→ **Collected data**
* * * * *
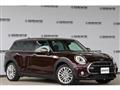 2017 BMW MINI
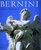 Bernini : Genius of the Baroque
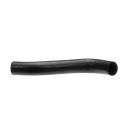 FIL SUPÉRIEUR UKL. REFROIDISSEMENT AUDI A3 1.9TDI 96-03photo 8
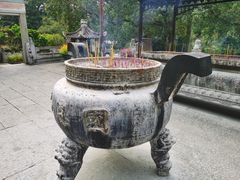 -国恩寺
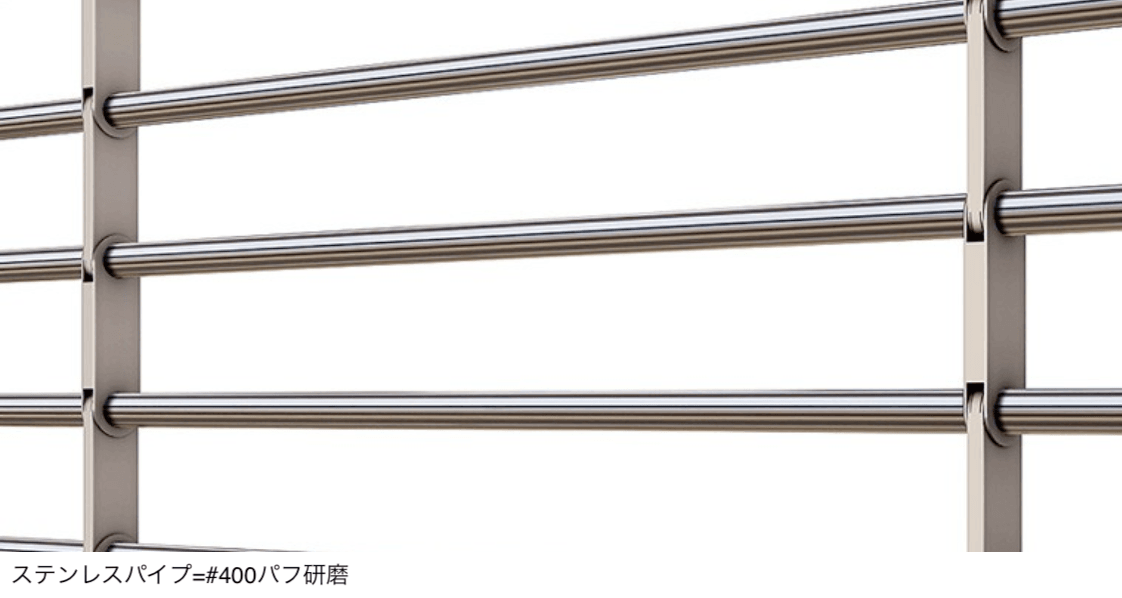 LIXILの「ワイドシャッターS Fタイプ【2024年版】」のサブ画像1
* * * * *
→ **INSTRUCTIONS FOR THE TASK**
Exact copies of the lines from the one containing "Bernini : Genius of the Baroque" through the end of the records above are required, with no pictures among them.

→ **REPLY TO THE TASK**
 Bernini : Genius of the Baroque
 FIL SUPÉRIEUR UKL. REFROIDISSEMENT AUDI A3 1.9TDI 96-03photo 8
 -国恩寺
 LIXILの「ワイドシャッターS Fタイプ【2024年版】」のサブ画像1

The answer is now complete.